I worked with BMW for almost 15 years. MINI Cooper is also part of BMW. I always talk about the big love for life, work and their new campaign is called Big Love. They said I was the perfect fit for that! They were looking for a multifaceted personality and someone who is in fashion but has other interests. Let’s say I like dogs and photography. They wanted to show the three big loves of my life.
So, it was basically an acting assignment for you...
It was an acting assignment (laughs)! I didn’t know what to do, but I think it worked out well. I don’t know what to expect, but it was my first time in front of the camera. We did one at Couture Week last season with them and then we did this one and we’ll do another one now.

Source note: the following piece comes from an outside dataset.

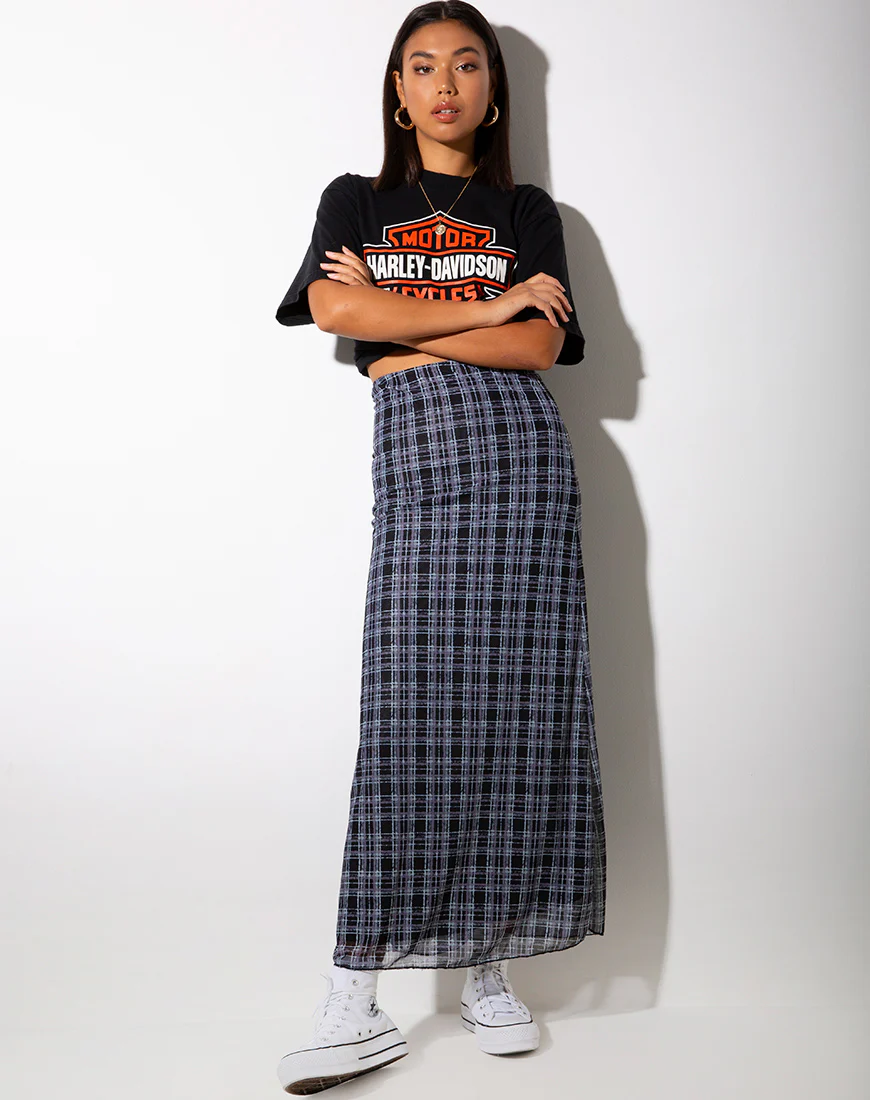 Sayang Maxi Skirt in Inkblot Check Black and White - Image 4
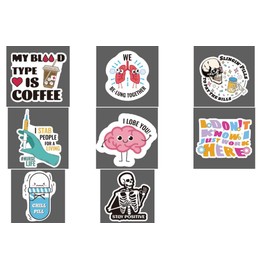 8 Pcs Cute Funny Badge Reel Retractable Nurse Accessories Bulk Fun Healthcare Nursing Medical Badge Holder Coffee Phlebotomy Chill Pill Xray Badge Clip Social Worker Doctor RN CNA LPN ID Card Gifts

I just literally signed a wonderful licensing agreement with a home furnishing company in Bangalore that sells in about 500 stores in India and also to big luxury houses all over the world. They have a lot of sub-brands as well. They have a smart, cool and forward-thinking team of people. The collection will launch in July.
Home was something I was keen on. Right now I am doing furnishings. Then I might do bed linen, interiors, furniture.
How are you juggling so much?!
The Mini thing was supposed to happen earlier, on December 25. We shot the film and then the pandemic happened. The fashion week came (FDCI X Lakmé Fashion Week) and FDCI insisted I do that and I wanted to do it. Plus, I am doing a big wedding in Dubai. Everything has squeezed in two months which would have been spread over four months. It’s a bit of a push, I’ll be honest! (Laughs)
But you love being busy...
(Laughs) I love being busy. I am definitely the culprit there.
You have dabbled in so many things. What is left for you to explore?
The really funny thing is I keep my universe open and alive and work just comes at me. For me, work begets work. The more you work, the more work comes your way. Maybe because of the pandemic, social media is so strong now and everybody is watching everything. So, they see people who are able to deliver and are active in the sense that they will promote the collaboration. The harder I work, the luckier I get. I believe in it.